If you use wood, get some cheap hobby store felt....it makes a nice liner for anywhere the guitar touches but particularly at the neck area. Glues in easily.


----------



## vokey design (Oct 24, 2006)

Decided to cut some wood to the same angle as the ends for neck separation rather than dowels. Still haven't decided on a covering for the contact points (felt, high density foam, or Tolex)


----------



## Lord-Humongous (Jun 5, 2014)

Careful that its nitro fishish safe. Some synthetic products might eat the finish on the neck of your guitars.


----------



## vokey design (Oct 24, 2006)

Lord-Humongous said:


> Careful that its nitro fishish safe. Some synthetic products might eat the finish on the neck of your guitars.


Thanks for the tip!


----------



## Steadfastly (Nov 14, 2008)

vokey design said:


> Decided to cut some wood to the same angle as the ends for neck separation rather than dowels. Still haven't decided on a covering for the contact points (felt, high density foam, or Tolex)


I think you have done a nice job on the rack! Do you think it might be better to have the neck separators a little closer together so your guitars will stay verticle?


----------



## Georgec (Jul 22, 2016)

Thanks for the picture's and description's man that's going to be another extra for my nephews birthday !!!!


----------



## metrick (Jun 16, 2015)

dcole said:


> That looks pretty cool. Doweling is a pretty common item for separation and allows the neck to sit back and rest against it. Another method I have seen is mounting the top board horizontally and cutting notches into it where the guitar necks can sit.
> 
> i.e.


Do you have dimension that you can share?

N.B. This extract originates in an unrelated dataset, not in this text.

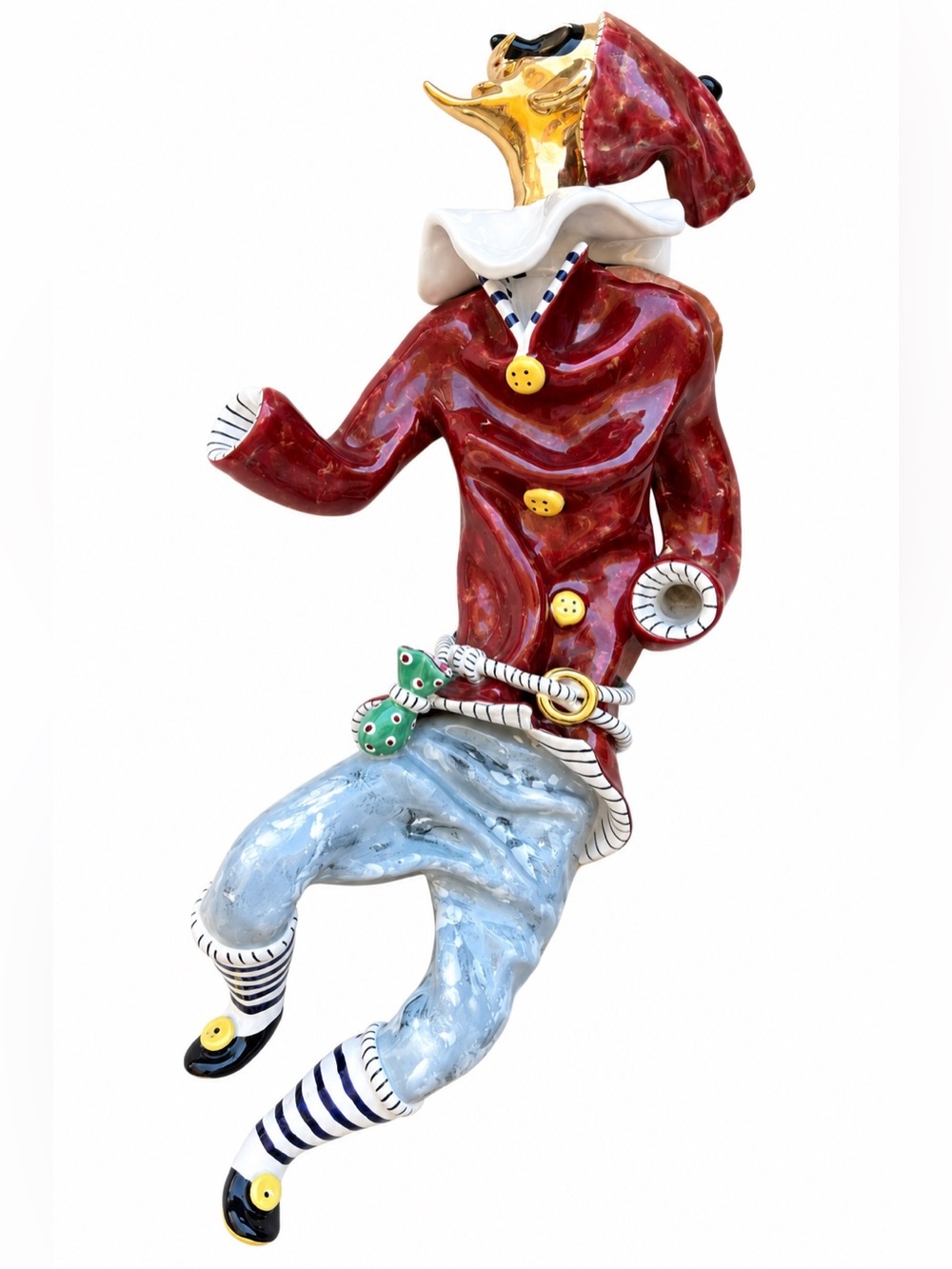 Vintage San Polo Venezia Italy Ceramic Jester Wall Sculpture 22”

Sent from my LG-D803 using Tapatalk


----------



## vokey design (Oct 24, 2006)

metrick said:


> Do you have dimension that you can share?
> 
> Sent from my LG-D803 using Tapatalk


I finally had a chance to do a bit of work on the stand. Fitted the lower rails with high density foam and then wrapped them with leftover Tolex from the cab refinish that I am also working on. 

I have a plan for the top rail (neck attachment) but still need to make the parts. Hopefully it will all be done this weekend. 

Once it is done I will measure and post for those interested.


----------



## vokey design (Oct 24, 2006)

Had to make some revisions to the stand as my guitars were resting on the strap buttons because the two lower contact points were too close together. I also added a new toprail with a more fitted neck pocket and locking straps. The changes were prompted by my cat, I had the stand loaded with guitars and she decided to run in and out as it it were a ski slalom course, nothing fell out but scared me.


----------